Universite Lille Nord de France, Inserm U545, UDSL, Lille, France.
Postgraduate Medicine (Impact Factor: 1.97). 06/2009; 121(3 Suppl 1):25-30. DOI: 10.3810/pgm.2009.05.suppl53.290
Source: PubMed

ABSTRACT Clinical evidence has demonstrated that bile acid sequestrants reduce glucose levels in patients with type 2 diabetes mellitus (T2DM). This effect has been confirmed in multiple double-blind, placebo-controlled clinical studies with the bile acid sequestrant colesevelam hydrochloride (HCl). Colesevelam HCl was approved by the US Food and Drug Administration in January 2008 as an adjunctive therapy for patients with T2DM to improve glycemic control. However, the mechanism of action for the glucose-lowering effect of bile acid sequestrants is unclear.

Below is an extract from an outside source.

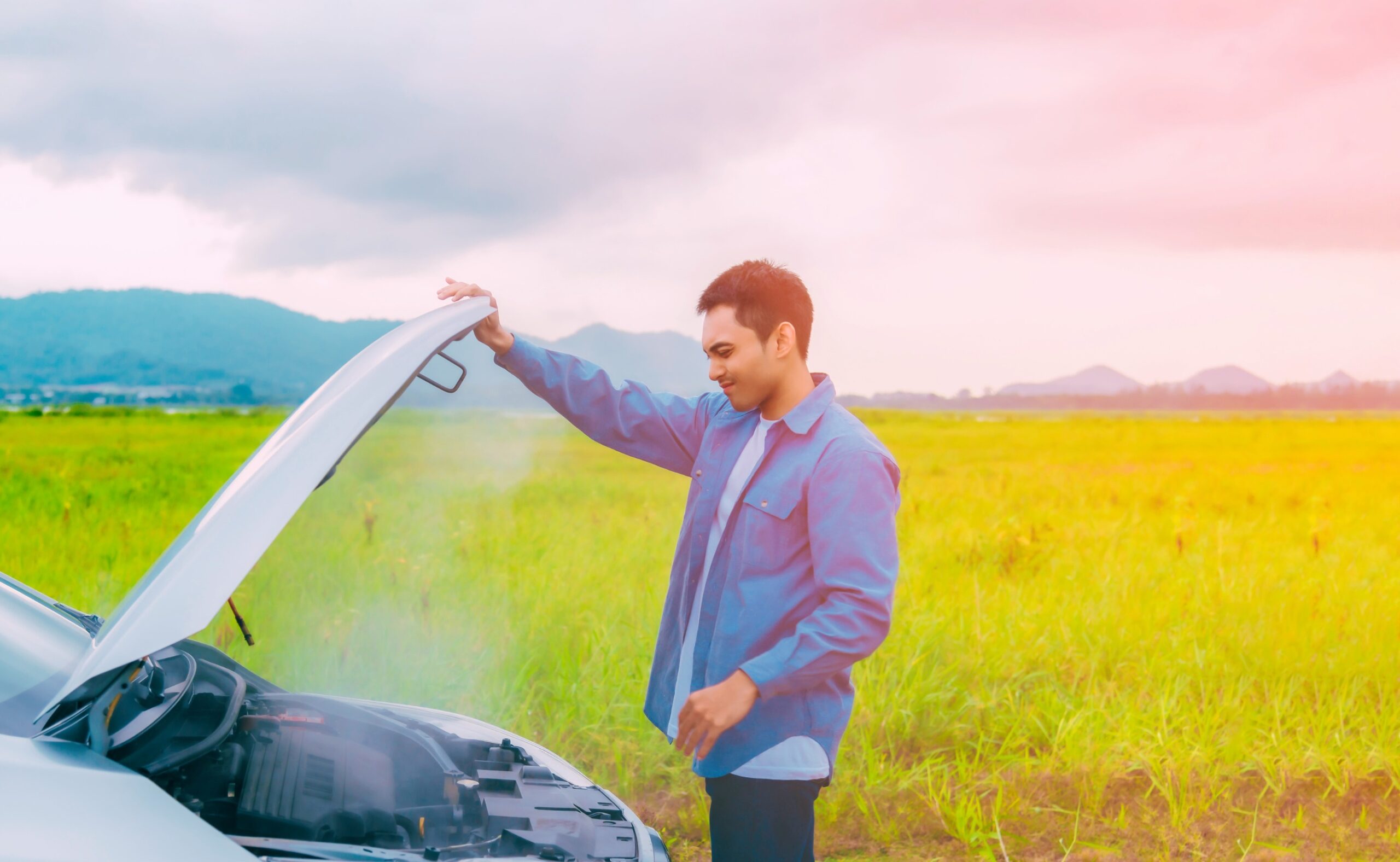 Asian young man having trouble car engine overheating and have smoke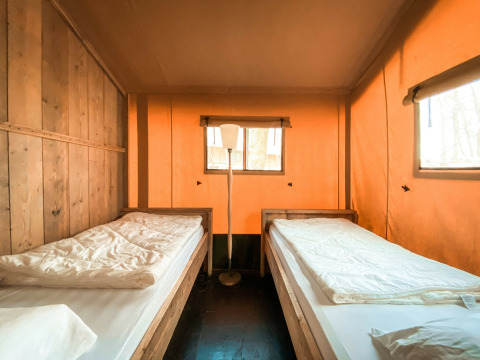 Interieur van safari tent Summer Lodge bij Beerze Bulten in Nederland, met twee aparte bedden en warme tinten.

Bile acid sequestrants are nonsystemic pharmacological agents that bind bile acids in the gastrointestinal tract, thereby diverting bile acids from the enterohepatic circulation. This, in turn, upregulates bile acid synthesis (via cholesterol 7-alpha-hydroxylase), which utilizes cholesterol, resulting in reduced low-density lipoprotein cholesterol levels. Recent research has revealed that bile acids are tightly controlled signaling molecules that have metabolic effects beyond their primary role in bile to aid in the digestion of lipids and fat. Bile acids signal via various membrane and nuclear receptors. Therefore, bile acid sequestrants may exert glycemic effects by altering the interaction of these bile acid pathways. This article reviews the role for bile acids in glucose regulation and discusses the potential mechanism(s) of action for the glycemic effects of bile acid sequestrants.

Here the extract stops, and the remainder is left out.